If we stick to the same old routine, and the same old experiences over and over again then naturally we as humans begin to stagnate. We get used to things, we become good at them, and then we never really grow from there. But if every now and then a curveball comes our way, and we do things we’ve not done before then we really do begin to grow. As humans we’re built to do things, we’re built to grow and better ourselves, and stepping outside of our comfort zone is a sure-fire way to take a step closer to becoming the best version of ourselves .

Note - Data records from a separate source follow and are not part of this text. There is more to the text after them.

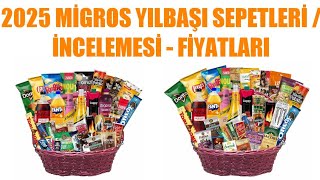 2025 Migros Yılbaşı Sepeti  Paketi İncelemesi  Fiyatları [upl. by Falzetta]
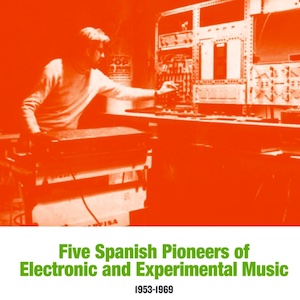 画像1: V.A "Five Spanish Pioneers of Electronic and Experimental Music: 1953-1969" [LP]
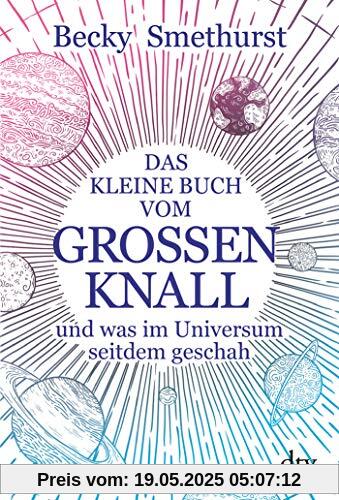 Das kleine Buch vom großen Knall: und was im Universum seitdem geschah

“But what if I fail?” or “what if I don’t like it?” is the excuse so many people use when it comes to trying new things and new experiences. But so often a shift of perspective from focusing on the negative outcomes of the situation to focusing on the potential positive outcomes is all it takes to realise the significant benefit that comes when trying new things. If you don’t like it, then you can say you’ve tried it, and you’ve learnt not only the context of the situation but you’ve also learnt about yourself, and what you as an individual like and dislike. You don’t lose out from finding out you don’t like something, you only gain as you now know something that you didn’t before. You’ve actually gone and gained a bit of knowledge. 

I don’t know about you, but I’d much rather regret the things that I did, than regret the things that I didn’t do. Don’t pay the price for your fear.

It’s also worth mentioning that as well as the opportunity to present an award, the team I was in were nominated for three awards; Innovation in Education, Digital Innovation, and Software Product of the Year and we were delighted to win the Digital Innovation award for a complex communications system that the business designed and built for one of Lincolnshire’s biggest companies. Over 120 award entries from 60 technology businesses across Lincolnshire were considered, and it was great for the team to be recognised for all their hard work in developing this product and their overall contribution to the tech industry.

It was a great honour to walk on stage and present both the winning award and the highly commended award for the Online Retailer of the Year, in front of a room packed full of Lincolnshire’s tech leaders, champion innovators and top creatives, as well as be present on stage for the presentations of the Digital Campaign of the Year award and the Creative Agency of the Year award.

Standing on stage and seeing the eyes of hundreds of prestigious tech leaders and digital giants staring back at me was definitely an experience I’ll never forget, and one that I’m incredibly grateful for, and one that truly took me out of my comfort zone and thus one that grew me as an individual.

So next time you feel daunted by an opportunity, or have the option to try something new, I ask you to grasp the bull by the horns and step out of that comfort zone, realise the potential growth of the situation and ultimately realise that nothing worth having comes easy.